Tatil Yaklaşırken

Caddeden hızla geçen araçların sesine uyandım. Yatağımı toplayıp, üzerimi giyindim. Tam o sırada annem, panik içinde odama girdi. Benim hazırlanmış olduğumu görünce gözleri kocaman açıldı. Büyük bir hayretle sordu:

“Oğlum, normalde seni her sabah ekmek teknesinden hamur kazır gibi yataktan kazırdık. Bakıyorum bugün erkenden kalkıp yatağını toplamışsın. Üzerini giyinmişsin. Hayırdır inşallah?”
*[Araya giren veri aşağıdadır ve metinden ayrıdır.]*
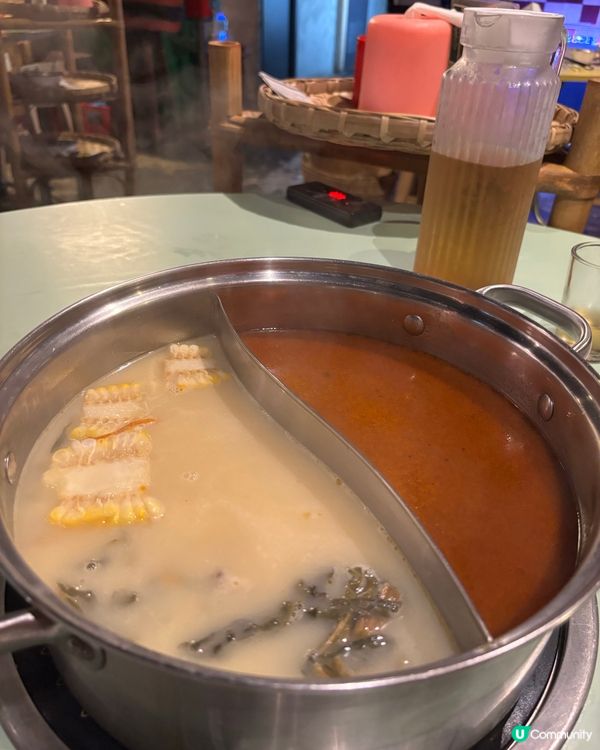 🇭🇰天后懷舊香港主題特色邊爐店✨食得出心思🥰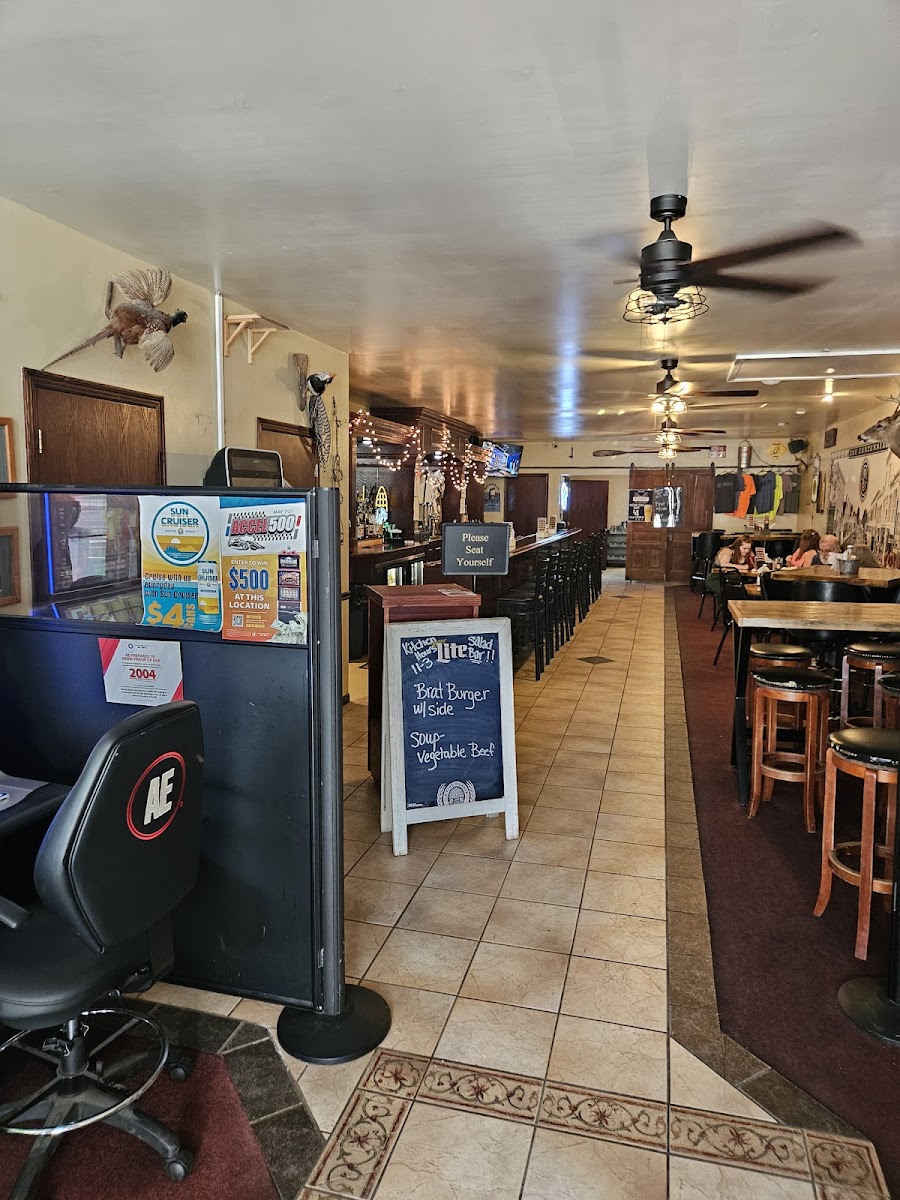 Beaver Den Tavern & Grill Co.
Annemin beni hamura benzetmesi çok komiğime gitti:

“Aman anne sen de ya! Her çocuk okulların tatil olmasına sevinir. Bu hafta, tatilden önceki son dersleri yapacağız. Sonra tam on beş gün tatil! Sanki sen hiç çocuk olmadın da bilmiyorsun!” dedim.
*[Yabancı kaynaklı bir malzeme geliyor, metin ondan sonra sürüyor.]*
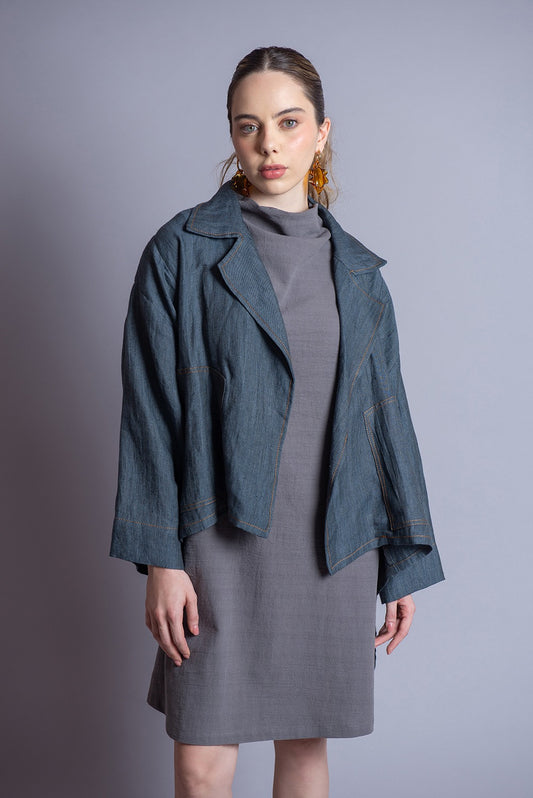 Chaqueta Abierta Cata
Bu sefer annem kahkaha attı.

Her sabah okula giderken kulağıma, “Mis gibi yatağın varken, şimdi okula mı gideceksin?” diye fısıldayan karanlık gökyüzü ve rüzgârdan. bir o yana bir bu yana kuvvetlice sallanan ağaç dalları bu sabah bir başkaydı.

Hoplaya, zıplaya sınıfa koştum. İlk dersimiz sınıf öğretmenimizleydi.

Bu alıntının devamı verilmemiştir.